Altoona Middle School 5th grader Logan Riechers is using an i Pad as personal communication device.

Logan has Down Syndrome and Autism and while he can speak Logan has trouble verbalizing needs and wants.

Logan is using Proloquo2Go. The app is personalized for Logan to help him communicate daily tasks and activities.
Speech and Language Pathologist, Tracy Boyd says iPad give students, like Logan, another way to express themselves and learn.

"I’ve noticed that it increases their communication. Research shows that assistive technoloy really bridges the gap,” said Boyd.

The app only costs about $200 plus the cost of the iPad.
So it's a much cheaper and sleeker option to other assistive technology systems that made students stand out and cost thousands of dollars.

"It's portable, its user friendly, and I think there is a definite cool factor," said Boyd.

The technology is helping take away the learning barrier that once separated kids dealing with a disability from their peers.

"There is stigma that comes with having to be pulled out of class and apart from their peers," said Karsten Powell, Special Education Teacher with Altoona High School.

But now the apps are helping more kids stay in class.

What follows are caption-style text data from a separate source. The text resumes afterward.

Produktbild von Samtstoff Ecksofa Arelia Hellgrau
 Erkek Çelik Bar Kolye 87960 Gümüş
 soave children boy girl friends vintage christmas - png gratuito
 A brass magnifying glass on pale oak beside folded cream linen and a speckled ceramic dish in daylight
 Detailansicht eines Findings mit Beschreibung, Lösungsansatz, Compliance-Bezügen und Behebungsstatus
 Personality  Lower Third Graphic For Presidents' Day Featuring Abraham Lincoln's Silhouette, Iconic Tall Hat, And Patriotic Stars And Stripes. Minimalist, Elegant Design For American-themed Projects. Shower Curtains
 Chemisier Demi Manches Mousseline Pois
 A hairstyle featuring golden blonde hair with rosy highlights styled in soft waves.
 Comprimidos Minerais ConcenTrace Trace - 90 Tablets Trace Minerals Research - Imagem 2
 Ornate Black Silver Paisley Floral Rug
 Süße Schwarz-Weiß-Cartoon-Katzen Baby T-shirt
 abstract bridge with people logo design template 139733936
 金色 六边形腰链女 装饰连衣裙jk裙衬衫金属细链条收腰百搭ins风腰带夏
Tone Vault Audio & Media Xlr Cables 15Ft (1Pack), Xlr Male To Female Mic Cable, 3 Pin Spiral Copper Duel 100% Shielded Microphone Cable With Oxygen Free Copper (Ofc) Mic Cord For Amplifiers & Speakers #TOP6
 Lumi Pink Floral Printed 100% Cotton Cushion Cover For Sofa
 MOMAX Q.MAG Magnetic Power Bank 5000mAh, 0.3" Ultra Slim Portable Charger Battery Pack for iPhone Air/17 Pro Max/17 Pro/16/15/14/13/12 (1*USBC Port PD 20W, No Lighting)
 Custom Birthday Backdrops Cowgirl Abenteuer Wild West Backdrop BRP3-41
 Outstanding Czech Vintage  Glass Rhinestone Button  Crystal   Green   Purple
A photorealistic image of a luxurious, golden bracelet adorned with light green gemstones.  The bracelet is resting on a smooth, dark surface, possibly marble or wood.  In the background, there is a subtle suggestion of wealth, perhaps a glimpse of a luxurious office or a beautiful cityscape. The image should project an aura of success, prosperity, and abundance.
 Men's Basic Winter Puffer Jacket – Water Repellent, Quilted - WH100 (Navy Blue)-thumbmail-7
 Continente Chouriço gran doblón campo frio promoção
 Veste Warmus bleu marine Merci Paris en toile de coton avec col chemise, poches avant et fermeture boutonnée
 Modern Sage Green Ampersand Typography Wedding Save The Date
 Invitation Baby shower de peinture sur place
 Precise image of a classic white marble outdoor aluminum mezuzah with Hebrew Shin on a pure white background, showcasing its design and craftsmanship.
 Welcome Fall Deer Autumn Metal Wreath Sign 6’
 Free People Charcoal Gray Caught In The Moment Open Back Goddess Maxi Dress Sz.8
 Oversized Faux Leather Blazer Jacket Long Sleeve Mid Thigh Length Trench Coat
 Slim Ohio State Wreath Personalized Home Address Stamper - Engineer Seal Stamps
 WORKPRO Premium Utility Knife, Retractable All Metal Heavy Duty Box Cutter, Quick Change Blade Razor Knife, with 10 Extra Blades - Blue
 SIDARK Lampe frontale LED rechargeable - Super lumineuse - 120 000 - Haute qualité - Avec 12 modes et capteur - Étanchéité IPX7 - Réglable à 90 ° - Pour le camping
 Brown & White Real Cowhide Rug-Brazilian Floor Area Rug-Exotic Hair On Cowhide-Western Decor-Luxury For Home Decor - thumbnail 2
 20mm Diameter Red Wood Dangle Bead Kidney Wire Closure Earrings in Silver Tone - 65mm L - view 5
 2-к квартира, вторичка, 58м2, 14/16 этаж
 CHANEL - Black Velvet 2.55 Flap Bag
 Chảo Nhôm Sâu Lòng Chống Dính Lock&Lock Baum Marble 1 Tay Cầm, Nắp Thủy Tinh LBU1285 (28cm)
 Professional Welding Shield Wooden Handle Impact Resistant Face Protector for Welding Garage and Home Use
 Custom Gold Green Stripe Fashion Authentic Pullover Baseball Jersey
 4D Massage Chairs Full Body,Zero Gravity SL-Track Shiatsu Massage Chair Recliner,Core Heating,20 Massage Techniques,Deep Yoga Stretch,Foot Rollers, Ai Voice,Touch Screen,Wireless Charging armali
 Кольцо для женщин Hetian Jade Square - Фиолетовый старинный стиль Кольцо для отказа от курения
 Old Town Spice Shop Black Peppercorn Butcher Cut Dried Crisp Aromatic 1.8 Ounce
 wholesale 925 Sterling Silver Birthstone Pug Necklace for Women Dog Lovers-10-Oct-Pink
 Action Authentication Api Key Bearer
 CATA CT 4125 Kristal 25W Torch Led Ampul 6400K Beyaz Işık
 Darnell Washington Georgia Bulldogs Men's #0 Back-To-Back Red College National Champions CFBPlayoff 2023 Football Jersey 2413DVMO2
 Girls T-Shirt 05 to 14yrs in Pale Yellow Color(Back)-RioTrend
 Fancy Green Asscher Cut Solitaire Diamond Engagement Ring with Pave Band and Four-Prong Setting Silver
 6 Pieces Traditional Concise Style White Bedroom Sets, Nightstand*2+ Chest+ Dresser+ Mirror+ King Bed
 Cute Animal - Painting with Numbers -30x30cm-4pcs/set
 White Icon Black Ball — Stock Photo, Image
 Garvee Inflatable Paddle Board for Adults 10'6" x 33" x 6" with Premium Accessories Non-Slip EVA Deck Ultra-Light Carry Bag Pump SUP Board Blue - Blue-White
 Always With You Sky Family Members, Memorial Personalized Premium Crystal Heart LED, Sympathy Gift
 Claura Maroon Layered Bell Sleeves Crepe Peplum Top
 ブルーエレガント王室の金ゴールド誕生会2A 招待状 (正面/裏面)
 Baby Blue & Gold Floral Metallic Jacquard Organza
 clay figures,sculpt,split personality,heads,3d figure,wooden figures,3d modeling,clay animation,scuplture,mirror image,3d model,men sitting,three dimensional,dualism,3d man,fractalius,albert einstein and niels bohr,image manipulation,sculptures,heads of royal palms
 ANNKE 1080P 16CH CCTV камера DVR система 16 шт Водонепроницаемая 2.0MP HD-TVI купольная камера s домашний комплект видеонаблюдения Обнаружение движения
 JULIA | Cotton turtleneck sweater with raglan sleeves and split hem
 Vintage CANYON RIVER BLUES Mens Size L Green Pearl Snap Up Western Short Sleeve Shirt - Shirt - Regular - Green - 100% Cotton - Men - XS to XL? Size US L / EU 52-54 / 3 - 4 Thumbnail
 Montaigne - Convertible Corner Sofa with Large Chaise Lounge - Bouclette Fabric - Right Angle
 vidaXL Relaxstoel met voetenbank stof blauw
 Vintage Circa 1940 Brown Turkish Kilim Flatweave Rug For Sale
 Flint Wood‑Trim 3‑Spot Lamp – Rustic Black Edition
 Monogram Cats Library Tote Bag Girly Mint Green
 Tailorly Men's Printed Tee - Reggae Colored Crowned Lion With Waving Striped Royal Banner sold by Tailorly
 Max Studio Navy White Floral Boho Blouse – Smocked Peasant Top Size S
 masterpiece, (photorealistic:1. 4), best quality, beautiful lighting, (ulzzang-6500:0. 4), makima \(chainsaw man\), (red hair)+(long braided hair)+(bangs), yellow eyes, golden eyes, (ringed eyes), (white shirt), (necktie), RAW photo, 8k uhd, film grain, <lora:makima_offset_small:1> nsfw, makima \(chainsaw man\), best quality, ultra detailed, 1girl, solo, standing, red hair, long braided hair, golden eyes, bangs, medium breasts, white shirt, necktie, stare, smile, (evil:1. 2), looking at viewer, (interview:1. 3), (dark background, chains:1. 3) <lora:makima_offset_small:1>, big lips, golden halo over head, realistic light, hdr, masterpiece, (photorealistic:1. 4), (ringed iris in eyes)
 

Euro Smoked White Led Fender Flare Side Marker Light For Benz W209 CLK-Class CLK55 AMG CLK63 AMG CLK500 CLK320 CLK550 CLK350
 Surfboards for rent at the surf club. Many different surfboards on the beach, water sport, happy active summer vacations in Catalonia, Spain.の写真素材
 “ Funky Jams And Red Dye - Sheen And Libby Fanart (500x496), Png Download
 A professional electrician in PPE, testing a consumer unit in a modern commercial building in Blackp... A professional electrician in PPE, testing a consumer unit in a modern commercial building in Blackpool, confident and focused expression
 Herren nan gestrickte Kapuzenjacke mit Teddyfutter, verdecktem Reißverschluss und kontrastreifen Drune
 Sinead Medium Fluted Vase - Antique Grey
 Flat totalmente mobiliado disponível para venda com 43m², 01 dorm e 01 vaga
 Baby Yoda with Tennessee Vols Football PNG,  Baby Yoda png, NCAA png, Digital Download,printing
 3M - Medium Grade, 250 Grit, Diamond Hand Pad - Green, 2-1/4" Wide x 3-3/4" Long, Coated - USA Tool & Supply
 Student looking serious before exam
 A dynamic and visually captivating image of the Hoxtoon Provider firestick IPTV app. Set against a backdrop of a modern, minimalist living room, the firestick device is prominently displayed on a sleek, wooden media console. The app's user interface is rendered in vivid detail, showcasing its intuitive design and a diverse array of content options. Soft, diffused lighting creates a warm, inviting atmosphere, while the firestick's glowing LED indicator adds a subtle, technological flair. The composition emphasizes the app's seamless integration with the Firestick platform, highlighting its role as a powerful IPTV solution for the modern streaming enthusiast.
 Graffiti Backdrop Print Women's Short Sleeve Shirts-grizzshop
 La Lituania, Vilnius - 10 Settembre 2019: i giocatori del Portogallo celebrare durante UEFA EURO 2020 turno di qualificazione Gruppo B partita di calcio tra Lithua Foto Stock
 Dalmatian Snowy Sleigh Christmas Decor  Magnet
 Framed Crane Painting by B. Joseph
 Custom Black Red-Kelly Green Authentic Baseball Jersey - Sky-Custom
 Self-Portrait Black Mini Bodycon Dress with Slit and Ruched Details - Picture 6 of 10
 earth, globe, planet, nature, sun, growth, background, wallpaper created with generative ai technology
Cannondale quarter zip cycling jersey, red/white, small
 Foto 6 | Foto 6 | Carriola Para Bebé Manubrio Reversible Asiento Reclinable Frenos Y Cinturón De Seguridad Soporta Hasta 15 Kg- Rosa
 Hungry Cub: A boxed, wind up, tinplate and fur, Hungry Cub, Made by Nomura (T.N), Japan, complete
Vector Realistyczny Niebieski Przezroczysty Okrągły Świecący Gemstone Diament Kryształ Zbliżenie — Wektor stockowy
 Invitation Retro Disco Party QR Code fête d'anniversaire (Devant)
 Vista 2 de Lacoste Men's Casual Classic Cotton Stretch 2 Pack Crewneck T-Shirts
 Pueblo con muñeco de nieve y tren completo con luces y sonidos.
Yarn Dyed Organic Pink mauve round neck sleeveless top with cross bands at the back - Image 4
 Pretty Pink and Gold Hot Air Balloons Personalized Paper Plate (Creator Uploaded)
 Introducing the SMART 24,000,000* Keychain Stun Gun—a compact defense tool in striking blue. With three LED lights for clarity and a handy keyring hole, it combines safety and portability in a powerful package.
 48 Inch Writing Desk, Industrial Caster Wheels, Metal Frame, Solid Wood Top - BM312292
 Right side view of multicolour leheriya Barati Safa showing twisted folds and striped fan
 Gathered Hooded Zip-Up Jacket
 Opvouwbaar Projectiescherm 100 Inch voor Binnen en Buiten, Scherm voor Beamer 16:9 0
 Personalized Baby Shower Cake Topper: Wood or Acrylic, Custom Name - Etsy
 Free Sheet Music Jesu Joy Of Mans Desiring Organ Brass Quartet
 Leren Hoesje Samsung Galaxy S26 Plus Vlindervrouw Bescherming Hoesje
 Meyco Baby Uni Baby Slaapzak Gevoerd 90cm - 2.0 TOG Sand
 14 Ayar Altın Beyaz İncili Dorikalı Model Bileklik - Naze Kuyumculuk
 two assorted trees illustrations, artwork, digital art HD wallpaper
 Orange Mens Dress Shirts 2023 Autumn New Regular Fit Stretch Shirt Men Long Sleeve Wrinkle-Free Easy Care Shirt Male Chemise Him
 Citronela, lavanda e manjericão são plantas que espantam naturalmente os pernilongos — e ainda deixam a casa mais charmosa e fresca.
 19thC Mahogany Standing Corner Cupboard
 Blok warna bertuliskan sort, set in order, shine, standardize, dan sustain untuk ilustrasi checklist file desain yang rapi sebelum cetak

One app Altoona High School is using is called 'Read2go'

“The big thing is that they can't decode grade level text and read it properly and it limits their ability to comprehend. So this reads it out loud to them and usually their auditory comprehension is much higher,” said Powell.

14 year old Kora Smith uses the app to help her read novels in her 9th grade English class.

"If I feel good about my school work I work harder,” said Smith.

"It gives kids confidence because they know that they can do something that everybody else did," said Powell.

Another app will read a paragraph the student has written back to them to help catch misspelled words or broken sentences.

9th grader Brady Linderman, who has Asperger’s, says he used to get nervous to let other kids read his papers in class.

Brady say the technology has shown him can do anything he puts his mind too.

"I can actually get in to a college and achieve my goals that I’ve always wanted to achieve," said Linderman

"Seeing them fit in and be able to keep up with their peers that's huge," said Powell.